Description of the task
Every line below is to be given again precisely; images are to be left out.

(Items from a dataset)
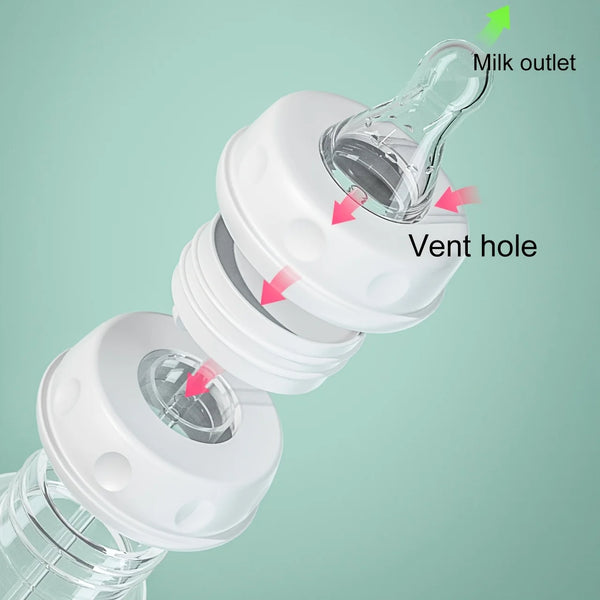 Assemblage d'une gourde pour bébé étanche blanche montrant la sortie du lait et le trou de ventilation.
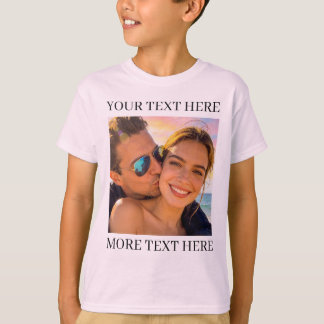 Camiseta Foto e Texto Personalizados Rosa Claro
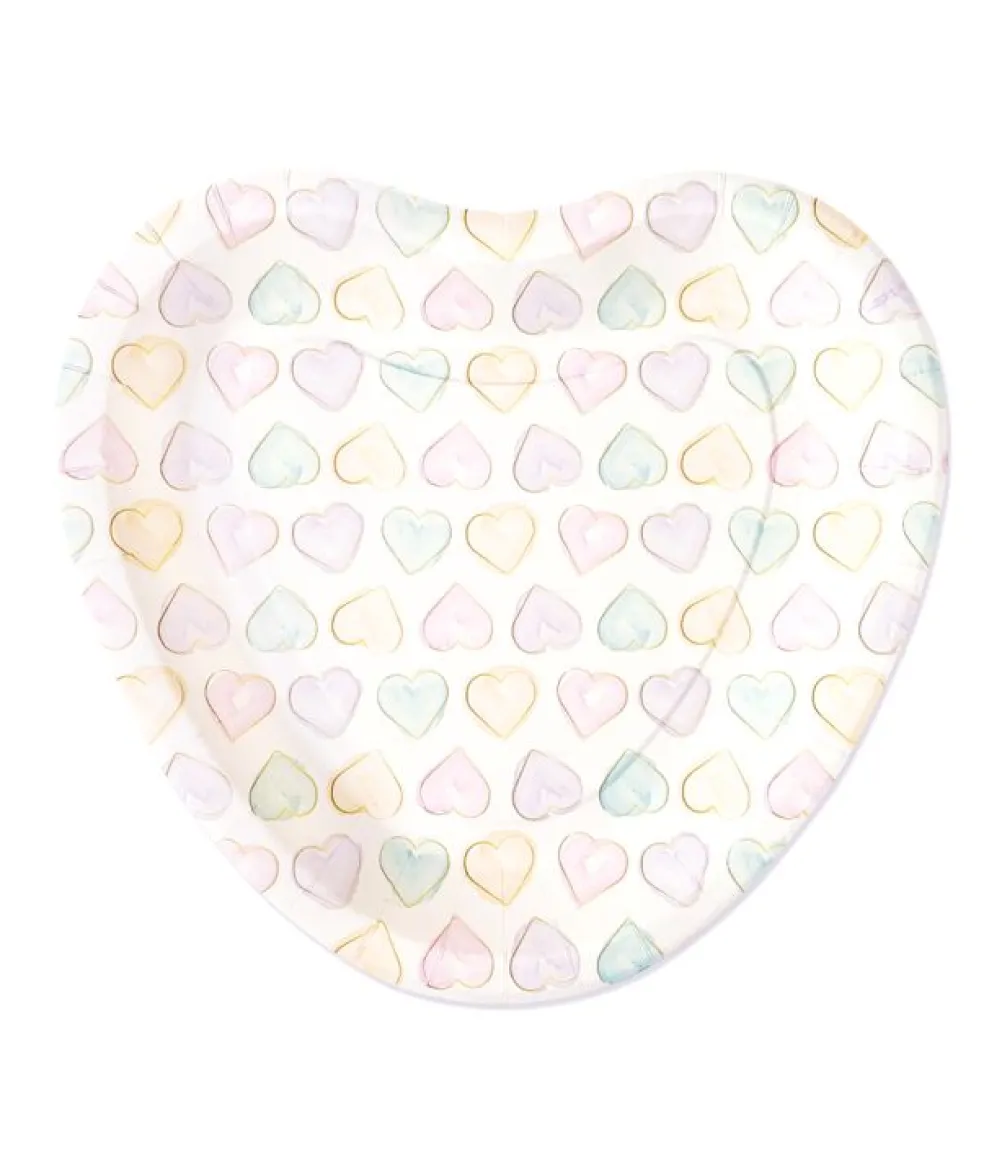Pastel hjerte tallerkner, 23 cm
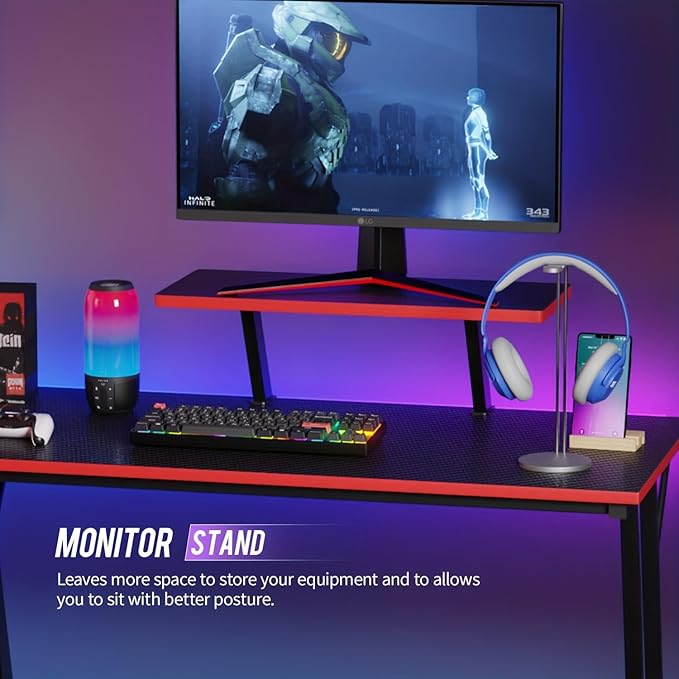 Home Office Desk 50 Inches, Corner Computer Desk, L Shape Desk, Gaming Desk with Large Monitor Stand and Carbon Fiber Surface, Home Office Study Writing Workstation, Black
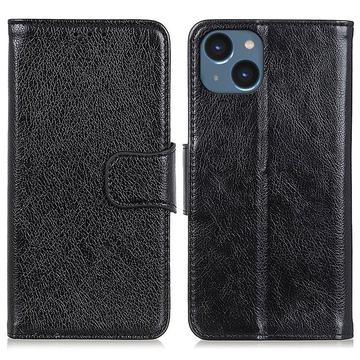 Custodia a portafoglio per iPhone 15 serie elegante - nera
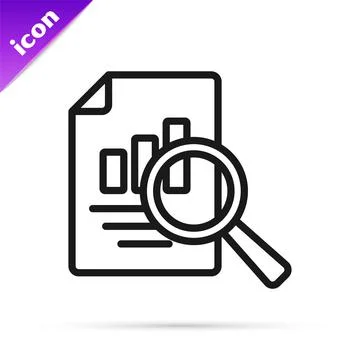 Black line Document with graph chart icon isolated on white background. Report Illustrazione stock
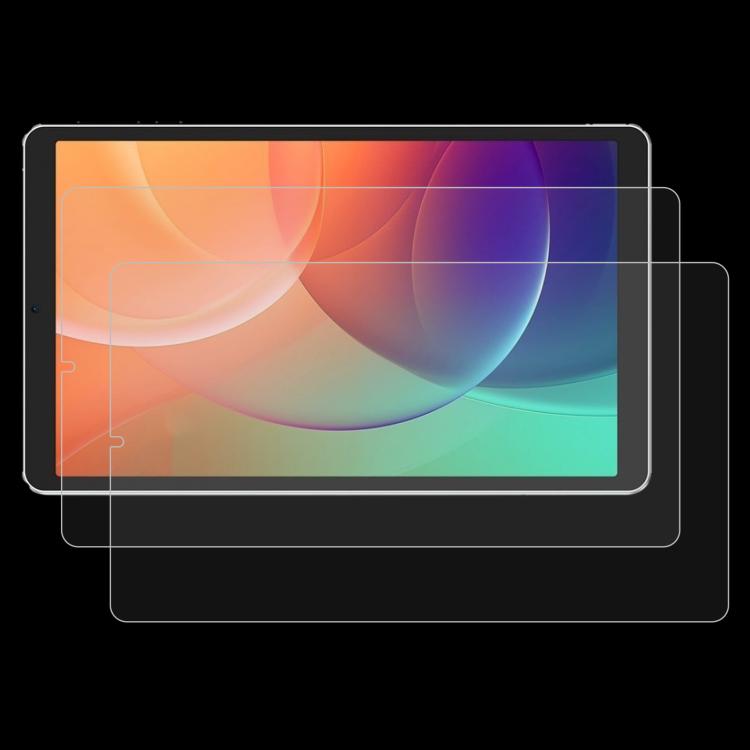 Tablet tempered glass screen protector, clear film overlay on tablet front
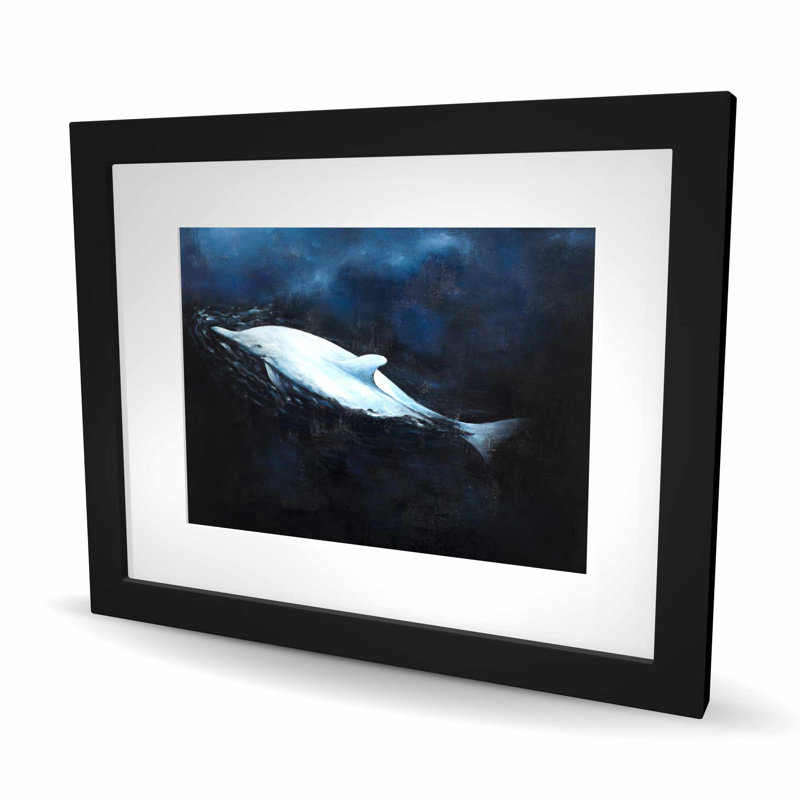 Dauphin nageant | Impression matte encadrée Livingroom Marine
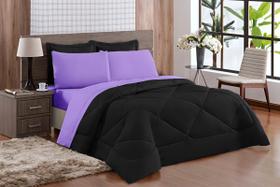 Kit Edredon dupla face Casal Queen 06 Peças Lilas com Preto Kit Edredon dupla face Casal Queen 06 Peças Lilas com Preto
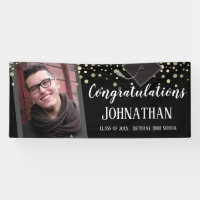 Félicitations Graduation Black Confetti Photo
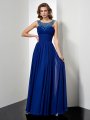 Empire High Neck Sleeveless Beading Long Chiffon Dresses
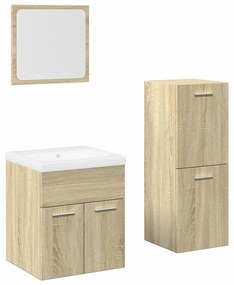 3325007 vidaXL Set mobilier de baie, 4 piese, stejar sonoma, lemn prelucrat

Response
 Assemblage d'une gourde pour bébé étanche blanche montrant la sortie du lait et le trou de ventilation.
 Camiseta Foto e Texto Personalizados Rosa Claro
Pastel hjerte tallerkner, 23 cm
 Home Office Desk 50 Inches, Corner Computer Desk, L Shape Desk, Gaming Desk with Large Monitor Stand and Carbon Fiber Surface, Home Office Study Writing Workstation, Black
 Custodia a portafoglio per iPhone 15 serie elegante - nera
 Black line Document with graph chart icon isolated on white background. Report Illustrazione stock
 Tablet tempered glass screen protector, clear film overlay on tablet front
 Dauphin nageant | Impression matte encadrée Livingroom Marine
 Kit Edredon dupla face Casal Queen 06 Peças Lilas com Preto Kit Edredon dupla face Casal Queen 06 Peças Lilas com Preto
 Félicitations Graduation Black Confetti Photo
 Empire High Neck Sleeveless Beading Long Chiffon Dresses
 3325007 vidaXL Set mobilier de baie, 4 piese, stejar sonoma, lemn prelucrat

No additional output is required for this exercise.